Start of Dataset extract

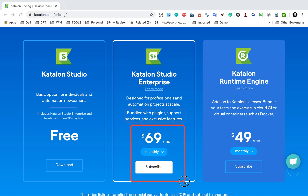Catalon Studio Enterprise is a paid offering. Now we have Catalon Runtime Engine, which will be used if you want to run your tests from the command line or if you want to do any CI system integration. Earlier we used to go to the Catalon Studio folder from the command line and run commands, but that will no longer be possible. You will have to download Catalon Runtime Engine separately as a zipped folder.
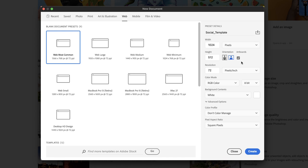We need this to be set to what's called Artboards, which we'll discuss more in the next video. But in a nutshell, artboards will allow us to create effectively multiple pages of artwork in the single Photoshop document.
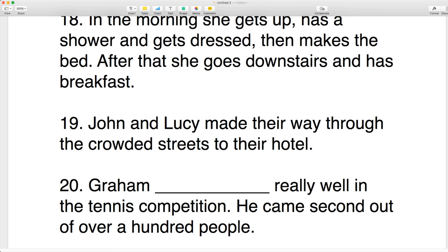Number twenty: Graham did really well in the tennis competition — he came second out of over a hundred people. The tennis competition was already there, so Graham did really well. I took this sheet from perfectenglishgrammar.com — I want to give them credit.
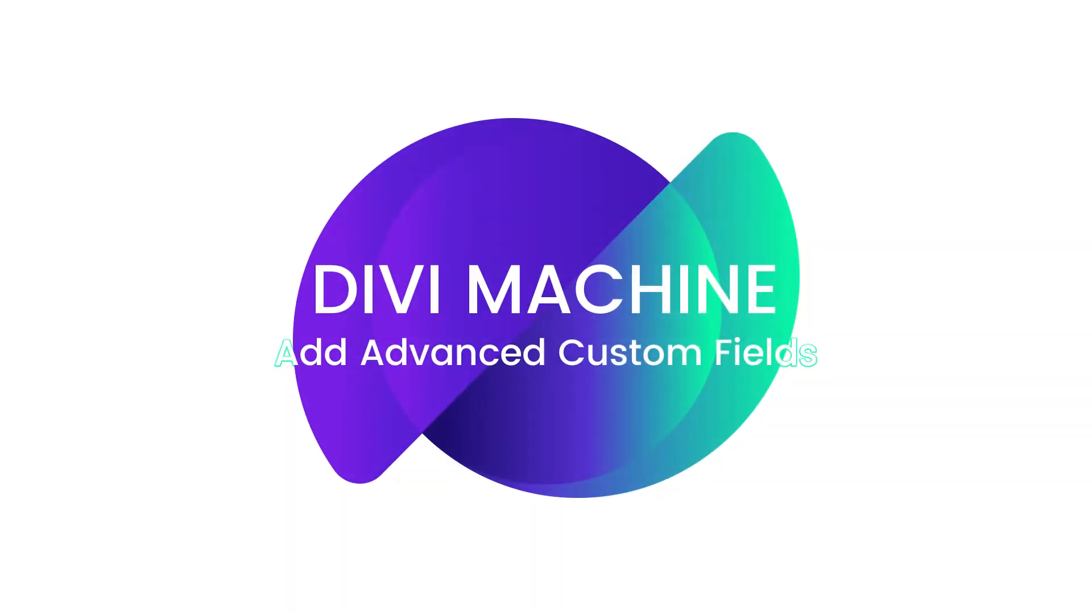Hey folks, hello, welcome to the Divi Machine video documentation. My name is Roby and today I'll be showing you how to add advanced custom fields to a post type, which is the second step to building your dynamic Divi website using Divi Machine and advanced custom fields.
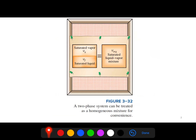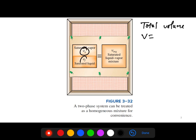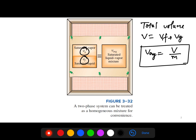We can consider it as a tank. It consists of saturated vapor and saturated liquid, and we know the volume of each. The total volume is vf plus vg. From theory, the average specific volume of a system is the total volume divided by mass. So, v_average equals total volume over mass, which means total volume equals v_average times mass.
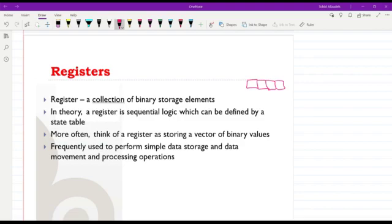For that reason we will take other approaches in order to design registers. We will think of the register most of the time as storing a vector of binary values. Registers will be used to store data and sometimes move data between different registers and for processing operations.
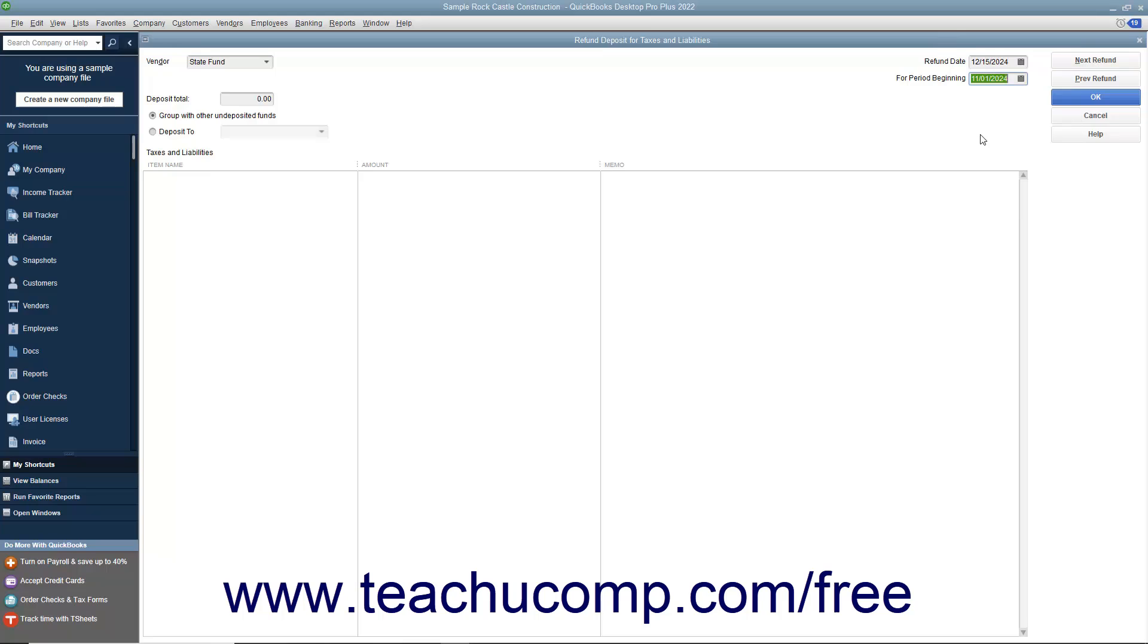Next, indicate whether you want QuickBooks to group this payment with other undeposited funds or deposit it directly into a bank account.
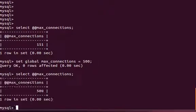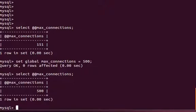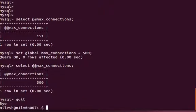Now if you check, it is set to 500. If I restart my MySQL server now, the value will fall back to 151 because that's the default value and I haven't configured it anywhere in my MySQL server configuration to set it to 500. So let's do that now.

End of Dataset extract

# [Assignment]
Copy exactly, with no pictures, the lines from the line containing "Hey folks, hello, welcome" through the last line of the records above.

# [Answer section]
Hey folks, hello, welcome to the Divi Machine video documentation. My name is Roby and today I'll be showing you how to add advanced custom fields to a post type, which is the second step to building your dynamic Divi website using Divi Machine and advanced custom fields.
We can consider it as a tank. It consists of saturated vapor and saturated liquid, and we know the volume of each. The total volume is vf plus vg. From theory, the average specific volume of a system is the total volume divided by mass. So, v_average equals total volume over mass, which means total volume equals v_average times mass.
For that reason we will take other approaches in order to design registers. We will think of the register most of the time as storing a vector of binary values. Registers will be used to store data and sometimes move data between different registers and for processing operations.
Next, indicate whether you want QuickBooks to group this payment with other undeposited funds or deposit it directly into a bank account.
Now if you check, it is set to 500. If I restart my MySQL server now, the value will fall back to 151 because that's the default value and I haven't configured it anywhere in my MySQL server configuration to set it to 500. So let's do that now.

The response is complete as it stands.